*Short descriptive text snippets*.
==*==

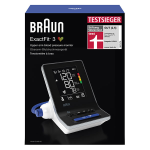 Braun exactfit 3 tensiomtre bras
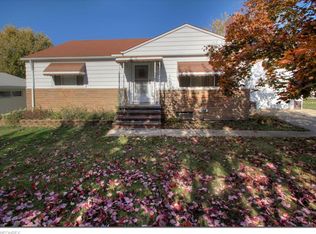 187 Best St, Bedford, OH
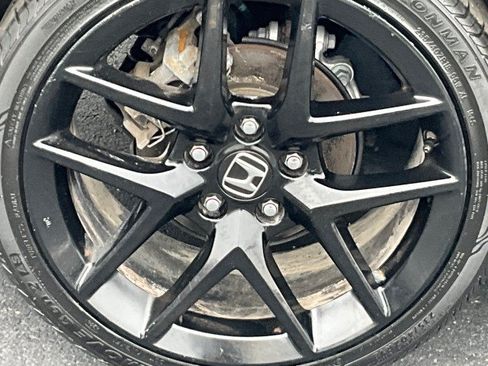 Used 2022 Honda Civic Sport image 6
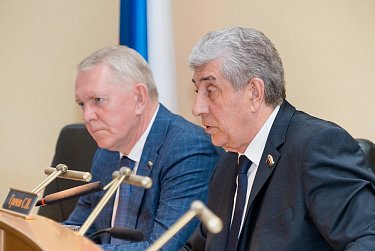 Ощутимая мера поддержки – снижение налоговой нагрузки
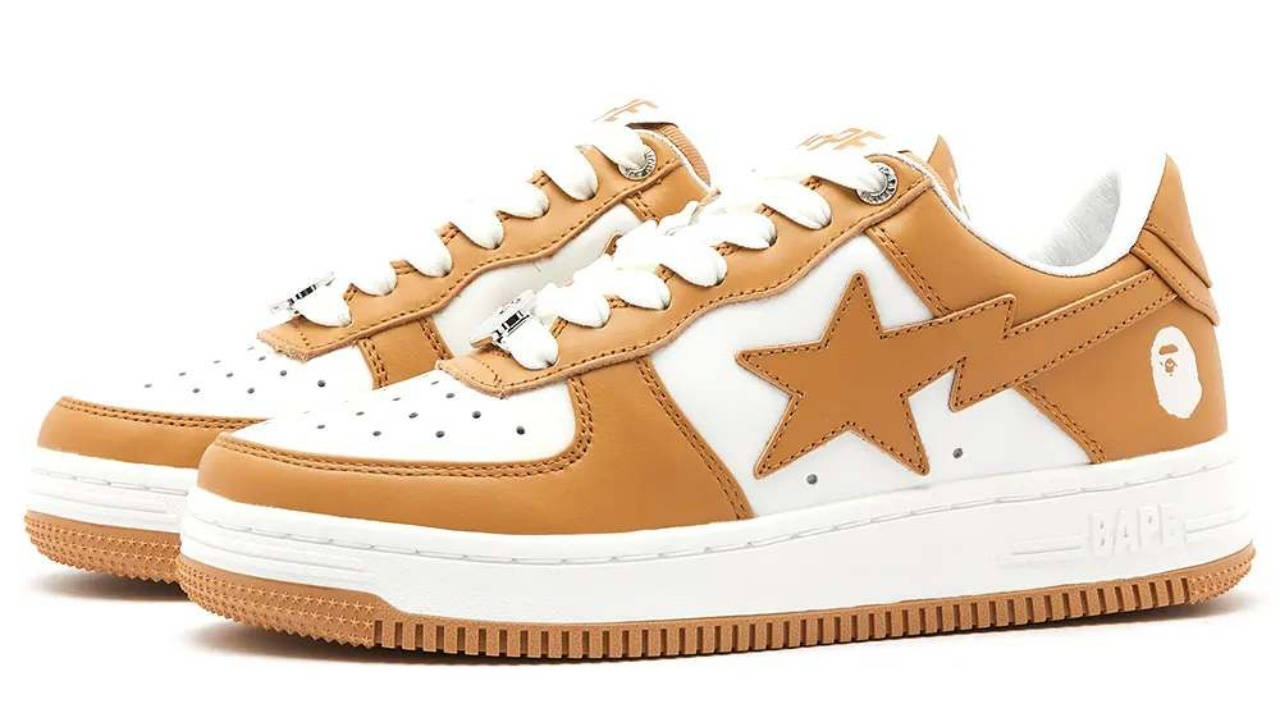 BAPE STA 2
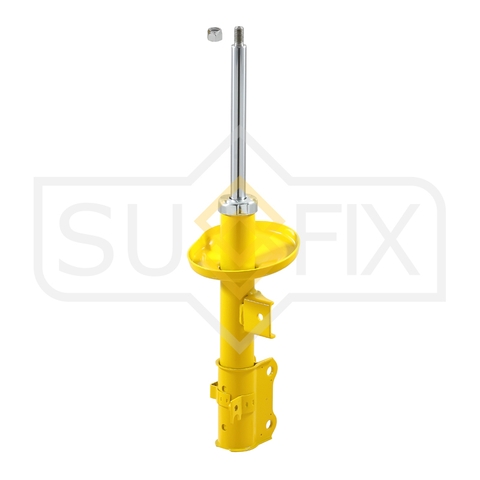 Купить SUFIX SU-1040 Стойка амортизаторная передняя R SUZUKI Grand Vitara II 1.6-2.4 05 SU-1040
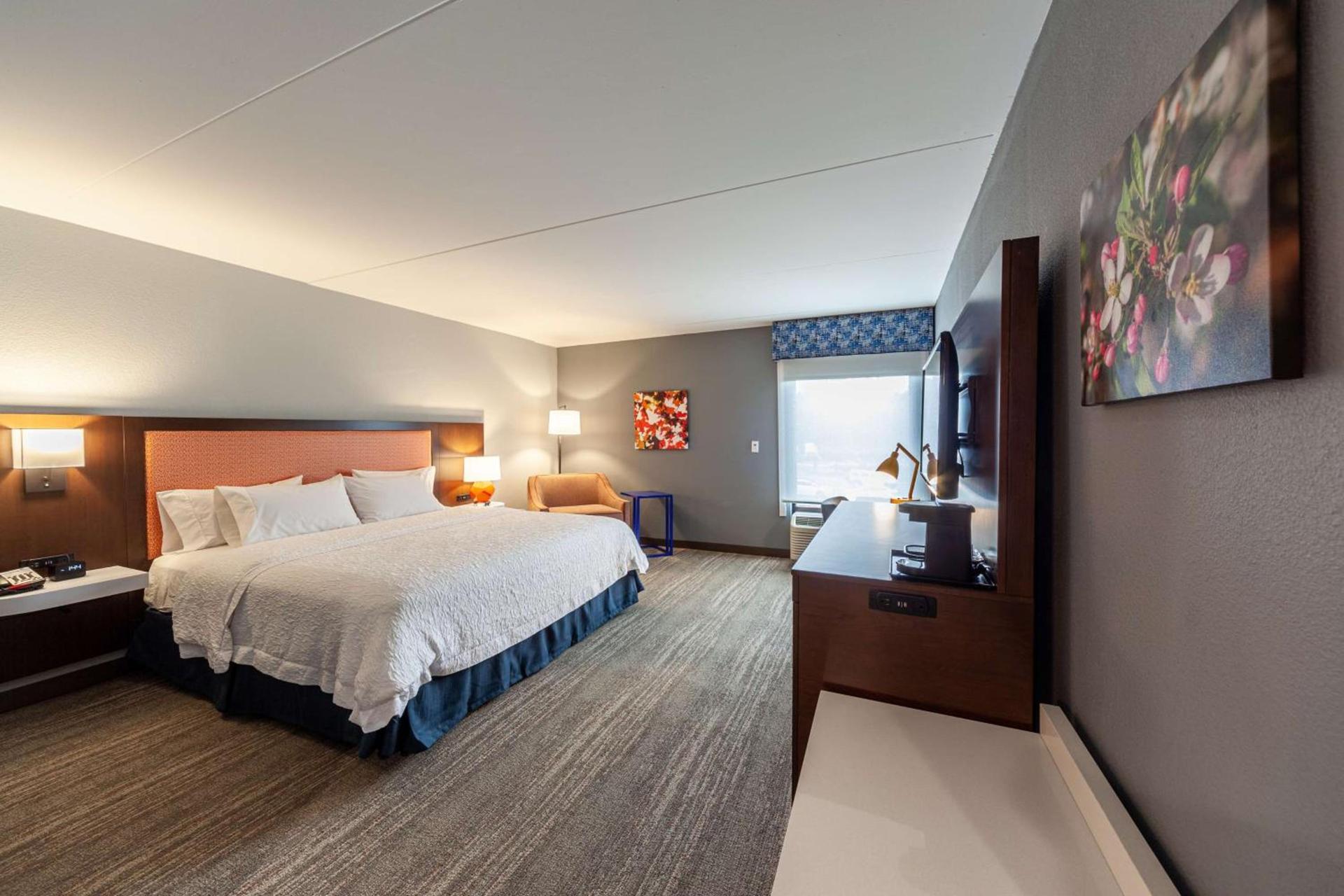 Hampton Inn Winchester photo 62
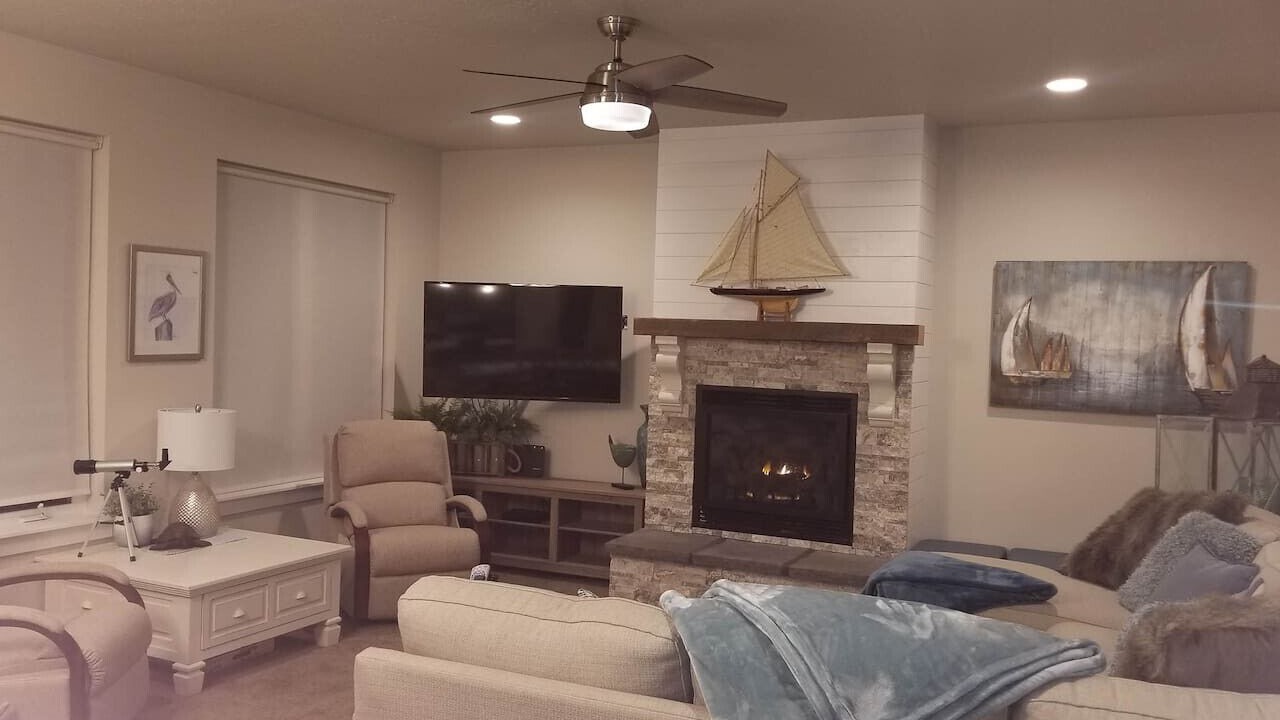 Photo of Livingroom in Bayshore
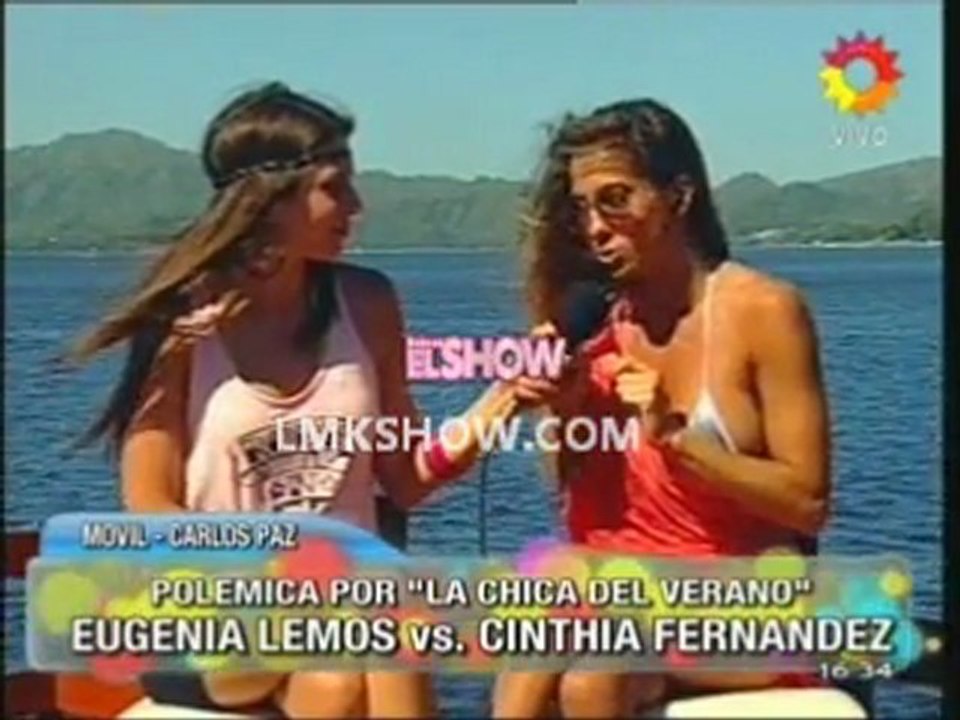 LEMOS VS FERNANDEZ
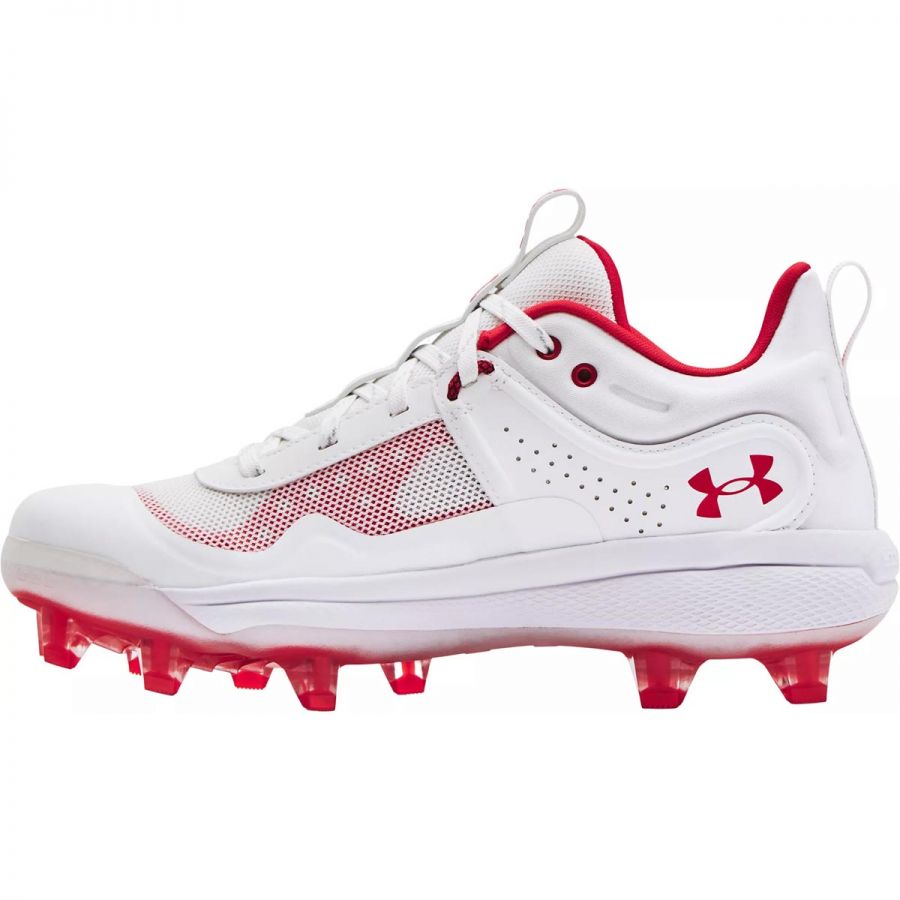 Under Armour Womens Glyde MT TPU Softball Cleats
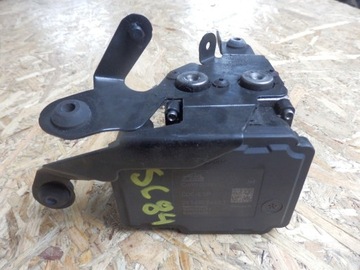 Renault scenic iii 1.5 dci насос abs оригинал ate фото №1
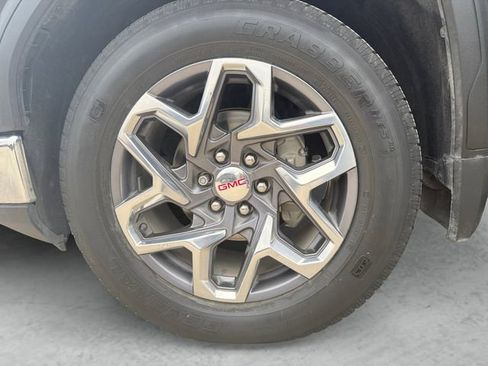 Used 2022 GMC Sierra 1500 SLT w/ SLT Convenience Package image 23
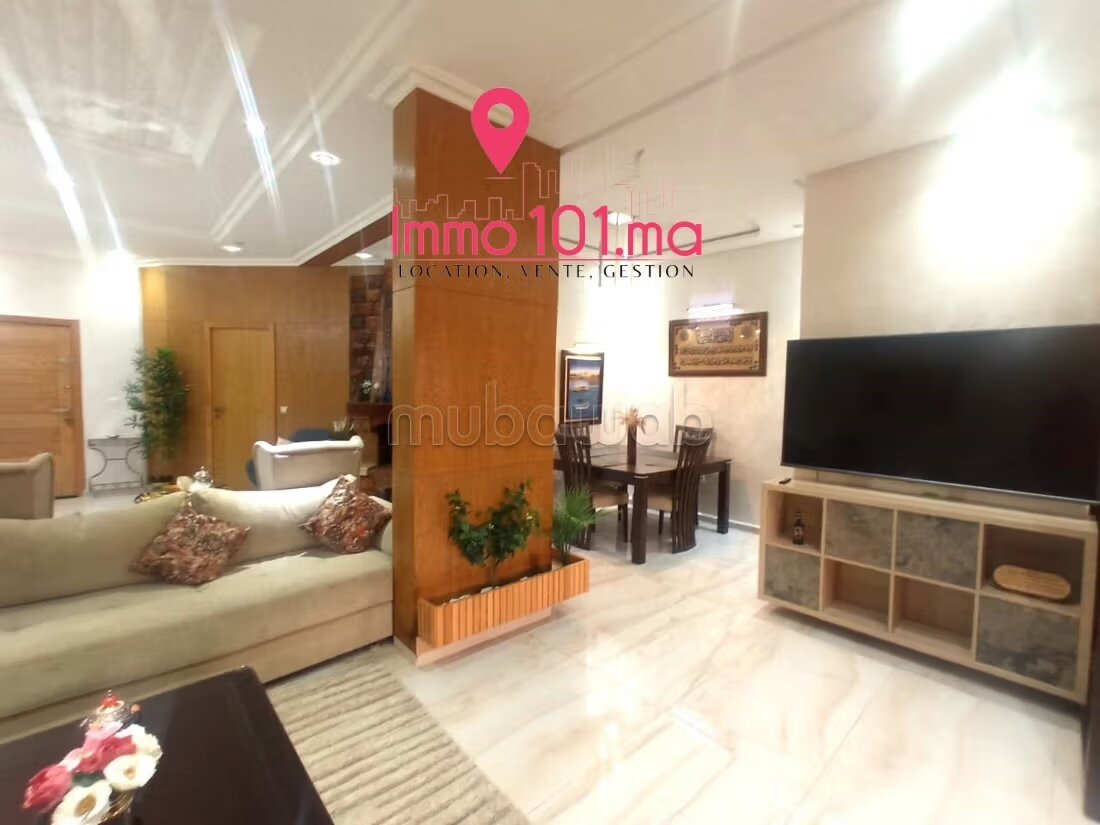 Appartement 200 m² à vendre à Rabat — Photo 168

==*==

*ASSIGNMENT*. The response should repeat each record precisely and contain no pictures.

*RESPONSE TO THIS EXERCISE*.
 Braun exactfit 3 tensiomtre bras
 187 Best St, Bedford, OH
 Used 2022 Honda Civic Sport image 6
 Ощутимая мера поддержки – снижение налоговой нагрузки
 BAPE STA 2
 Купить SUFIX SU-1040 Стойка амортизаторная передняя R SUZUKI Grand Vitara II 1.6-2.4 05 SU-1040
 Hampton Inn Winchester photo 62
 Photo of Livingroom in Bayshore
 LEMOS VS FERNANDEZ
 Under Armour Womens Glyde MT TPU Softball Cleats
 Renault scenic iii 1.5 dci насос abs оригинал ate фото №1
 Used 2022 GMC Sierra 1500 SLT w/ SLT Convenience Package image 23
 Appartement 200 m² à vendre à Rabat — Photo 168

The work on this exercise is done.